I worked the piston back and forth several times to purge the air out.
|Posted on Wednesday, May 13, 2009 - 12:49 pm: ||
got mine back together last night just waiting on picking up the oil tonight. thanks you guys for your help.
|Posted on Tuesday, June 09, 2009 - 10:24 am: ||
ALTERATION to assembley:
30 Open reservoir by removing ring and bladder,
fill the body partially and stroke shock till oil comes out of orifice clear with no entrained air
31 fill the reservoir about ½ full
32 Collapse bladder and re install do not pressurize at this point there should be a
small amount of oil seeping as the bladder goes home, oil fill is about 350cc
IF the fill is right the reservoir end will be pushed against its retaining ring and you cant push it in you can rotate it.

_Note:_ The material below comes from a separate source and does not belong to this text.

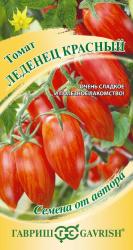 Томат Леденец красный (Гавриш)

|Posted on Tuesday, June 09, 2009 - 10:42 am: ||
Assembly of the spring to the can
put locking plate on shock and secure rod end up in a vice
1. Wiper into can
2. Outer sleeve into the can
3. Inner sleeve into spring
4. Spring and sleeve into the outer sleeve, check wiper
5. Spring seat radius is up and bears on the clip
6. place this over the shock body
7. place the shock into the press set it against the locking plate fitting in the opening
8. place the pipe sleeve over eye end
9. set and square up press plate
10. finger tighten nuts
11. press spring keeper and spring down and over shock body
12. fit locking ring (wire. [over body] in the mouth of the pressing tool )
13. loosen press plate slightly to catch wire in collar ( radiused side up on the collar )
14. remove lock plate
15. loosen press plate spring can will rest against the hose fitting on the side of the body
16. install the nut plate and screw on it till it stops push the moving eye end down and fit this in the spring can.

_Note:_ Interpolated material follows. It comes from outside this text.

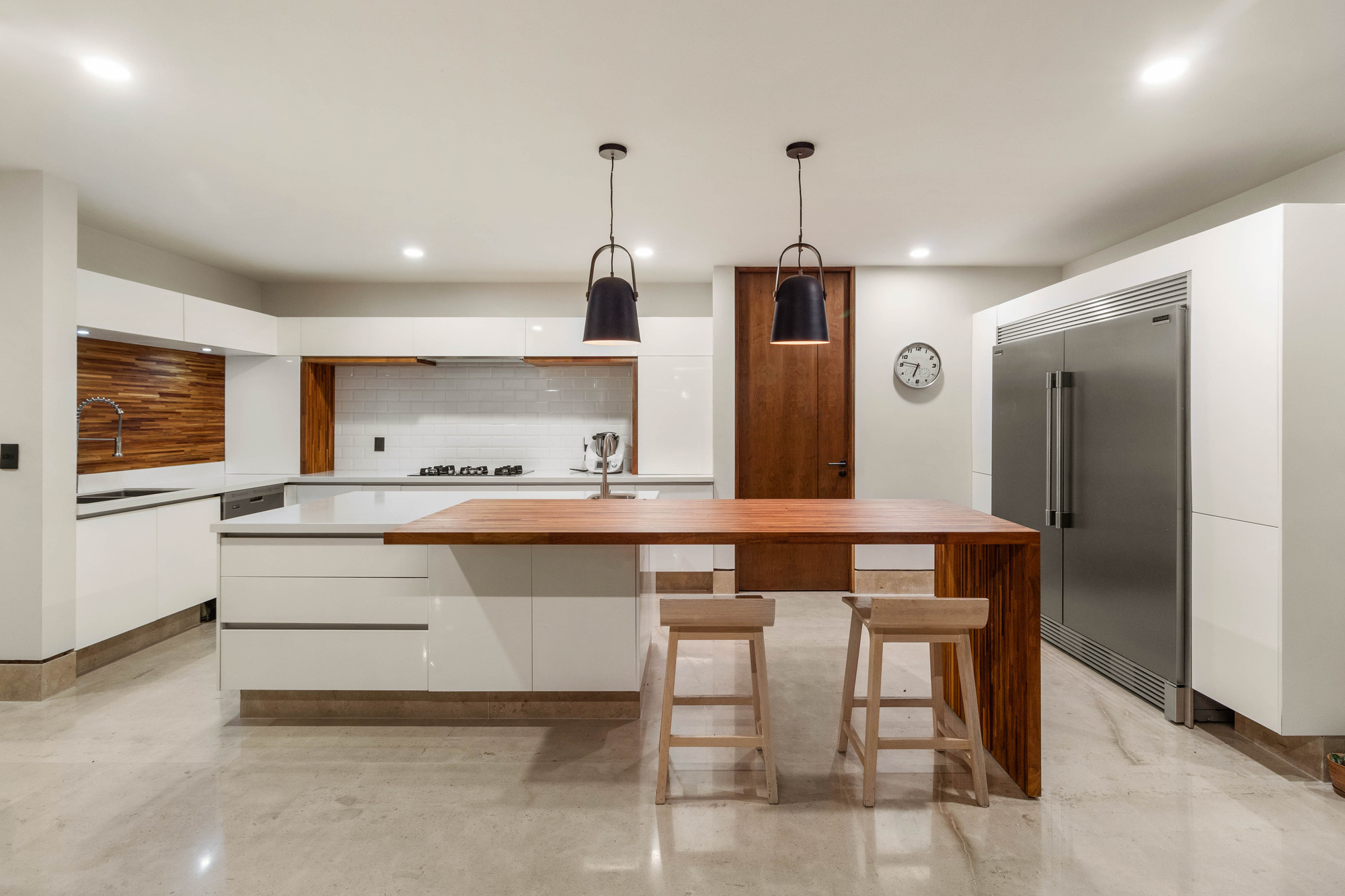 GP House / Plataforma de Arquitectura-35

17. fit press plate and tool
18. press down and fit last lock ring the spring is assembled
the internal spring collar, the wire ring should be checked and made sure that it snaps on the shock body and stays in its grove, putting it in place is a bit of a challenge
( this wire ring retains the spring on the shock body! )
I tried to assemble the shock on the lock plate and I could not line the plate and the can up to fit them, also the pressure that the spring exerts on the fitting is not much so its not as much of a concern as I initially thought it might be,
I pressurized the shock with compressed air, the hose end of the reservoir would turn before I did this, not after ward.

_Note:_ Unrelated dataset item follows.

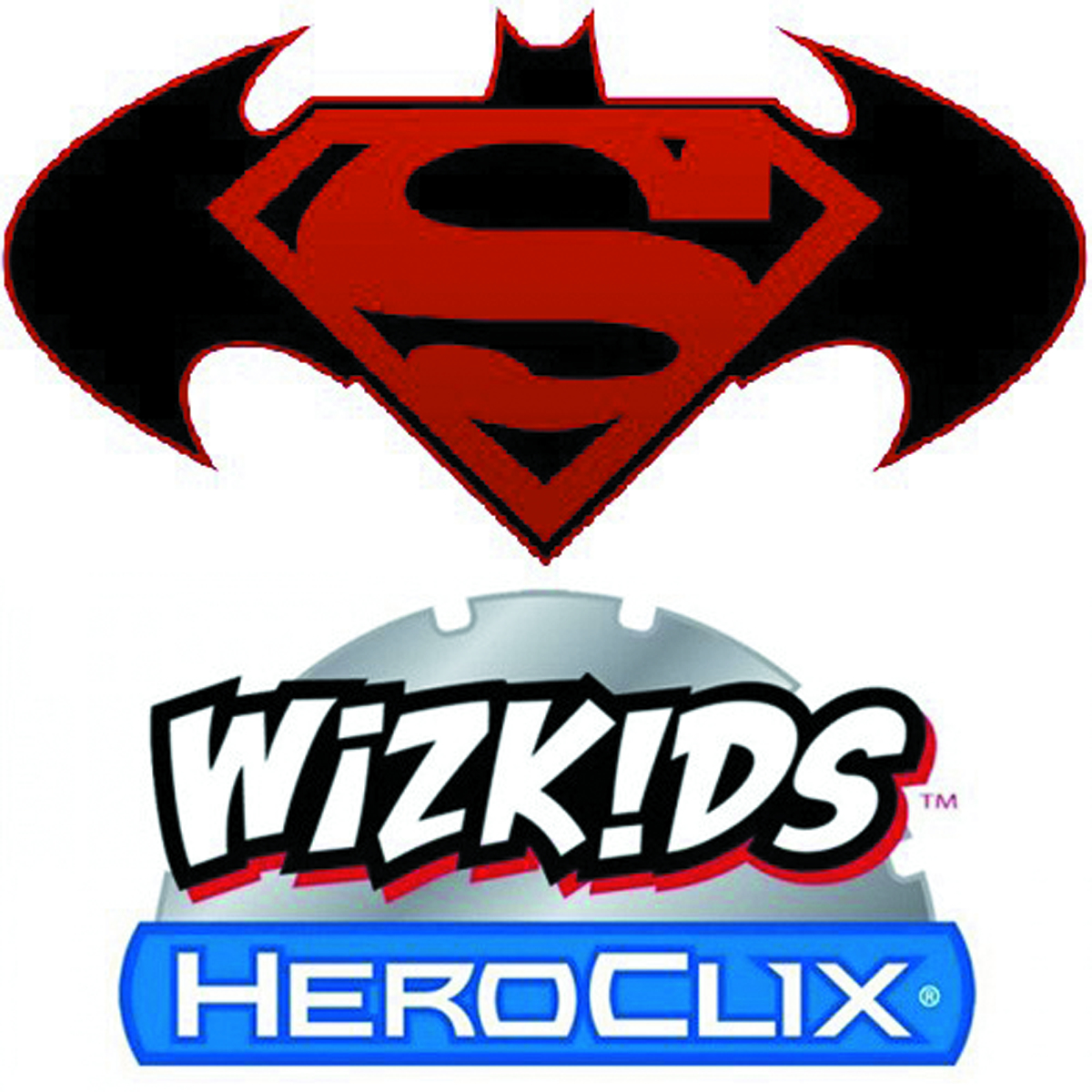 HEROCLIX WORLD'S FINEST #026 Lead *UC*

I will have to seek out a shop to fill it with nitrogen the shop needs a controls connect release device for this.
I hope that this helps with seal replacement and oil change.
I will set the ride height soon and the tools will be available to borrow.
Note I made a revision on the assembley,
the shock can be purged of air by removing the bladder end of the reserviour and working the shock until the oil fills and empties the resi body with no bubbles you will want to tip the fitting up so its the high point, again fill the resi about 1/2 full and squeeze the bladder some, re assemble and after spring install re charge, compressed air is probably OK as the bladder seprates it from the oil, and as hard as you may try you will have a little air in the oil.
|Posted on Monday, March 08, 2010 - 12:24 pm: ||
|Posted on Sunday, May 29, 2011 - 10:06 pm: ||
Bump again for excellent information.
Thanks guys for your knowledge and the pictures are helpful too.